Quem também esteve presente para apoiar Callie foi o pai dela, Mr. Torres. Ele, que não sabia da traição de Arizona e que as duas estavam separadas, ficou a saber.

Agora, os flashbacks com Arizona. Estes flashbacks deram cabo de mim (sim, num sentido fofinho, mas não gozem comigo, eu sou sentimental com Grey’s Anatomy e não consigo evitar).

Tudo começa há seis meses atrás, quando as duas falam em ter outro bebé e Arizona sugere ser ela a engravidar. Rapidamente as vemos a escolher dadores de esperma e depois Arizona a ter um resultado positivo num teste de gravidez. E confesso que é uma sensação óptima vê-las juntas, mesmo que seja no passado. Mas depois Arizona vai a uma consulta, descobre que perdeu o bebé e diz a Callie que não quer voltar a tentar por não aguentar outra perda. E aqui não consigo evitar ficar do lado de Arizona e compreender o lado dela.

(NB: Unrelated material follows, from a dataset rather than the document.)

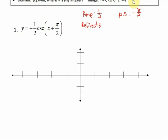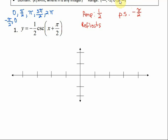Because of the phase shift, we're going to have different key points than in the regular graph. In our regular cosecant or sine graph, the key points are at 0, pi over 2, pi, 3 pi over 2, and 2 pi. If we shift by negative pi over 2 — moving to the left — our new key points become negative pi over 2, 0, pi over 2, pi, and 3 pi over 2, which completes one period.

Apesar de ter gostado muito destes flashbacks, pergunto-me se esta história toda entre elas que desconhecíamos faz sentido. Parece ter sido inventada à pressão para deixar sentimentais os fãs que já não as queriam juntas e também para, de certa forma, humanizar Arizona. Ainda por cima, tudo isto aconteceu pouco antes da traição.

O momento chave do episódio acontece depois de Mr. Torres confessar à filha que traíra a mãe dela. É bem feito para Mrs. Torres, porque a mulher é odiável. Estou a brincar, acho muito mal na mesma, mesmo que a pessoa traída seja uma peste.

Inspirada pelo facto de os pais terem conseguido que o casamento resultasse apesar da traição, Callie foi ao quarto de hotel de Arizona ter com ela. O quanto eu fiz figas para que Callie não desse de caras com Leah! Não deu. Não deu e disse a Arizona que ela podia voltar para casa. Arizona deixou a Callie sair e mandou Leah embora. Acho bem, Leah e Arizona não fazem sentido nenhum juntas.

Eu continuo a achar que não faz sentido a Callie perdoar a Arizona, o meu cérebro racional diz-me que isso não tem jeito nenhum, e é essa a opinião que prevalece em mim, embora uma pequena percentagem mais palerma em mim ainda seja capaz de ficar contente se elas voltarem a ficar juntas. Uma percentagem muito pequena, mas ainda assim uma.